- [Exercise aim]:
Set the data down exactly as it stands, and keep its pictures out.

- [Dataset extract]:

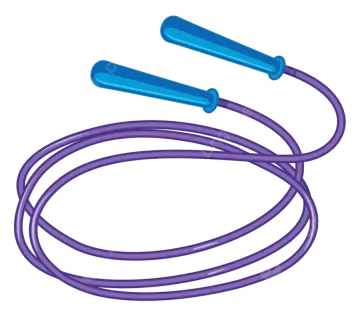 a purple skipping rope with two blue handles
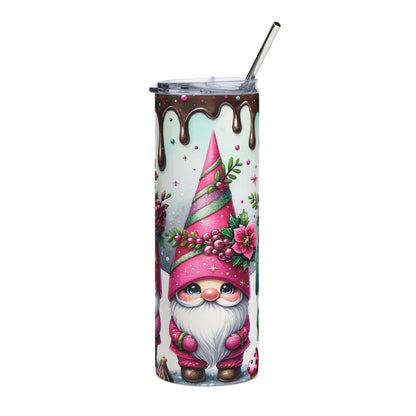 Tumbler with dripping chocolate lid design featuring a cute gnome in a pink hat and outfit.
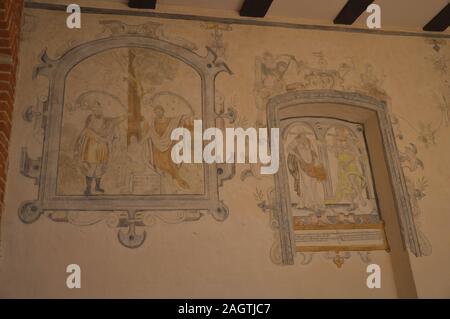 Wandmalerei in der Abtei Moellenbeck, Deutschland Stockfoto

- [Task answer]:
 a purple skipping rope with two blue handles
 Tumbler with dripping chocolate lid design featuring a cute gnome in a pink hat and outfit.
 Wandmalerei in der Abtei Moellenbeck, Deutschland Stockfoto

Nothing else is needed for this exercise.